Draw out every line with the word "just" from the listing below.

> [Input data]:
*** Block opens ***

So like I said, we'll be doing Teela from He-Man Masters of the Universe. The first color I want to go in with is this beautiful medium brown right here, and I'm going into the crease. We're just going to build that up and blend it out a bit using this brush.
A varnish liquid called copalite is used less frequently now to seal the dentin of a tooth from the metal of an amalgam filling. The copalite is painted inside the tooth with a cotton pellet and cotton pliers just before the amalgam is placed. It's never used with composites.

*** Block closes ***
*** Block opens ***

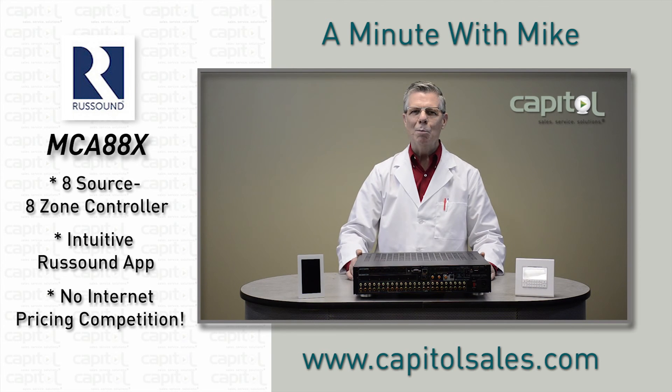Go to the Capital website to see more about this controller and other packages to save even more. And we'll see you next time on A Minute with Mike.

*** Block closes ***

> [Finished exercise]:
So like I said, we'll be doing Teela from He-Man Masters of the Universe. The first color I want to go in with is this beautiful medium brown right here, and I'm going into the crease. We're just going to build that up and blend it out a bit using this brush.
A varnish liquid called copalite is used less frequently now to seal the dentin of a tooth from the metal of an amalgam filling. The copalite is painted inside the tooth with a cotton pellet and cotton pliers just before the amalgam is placed. It's never used with composites.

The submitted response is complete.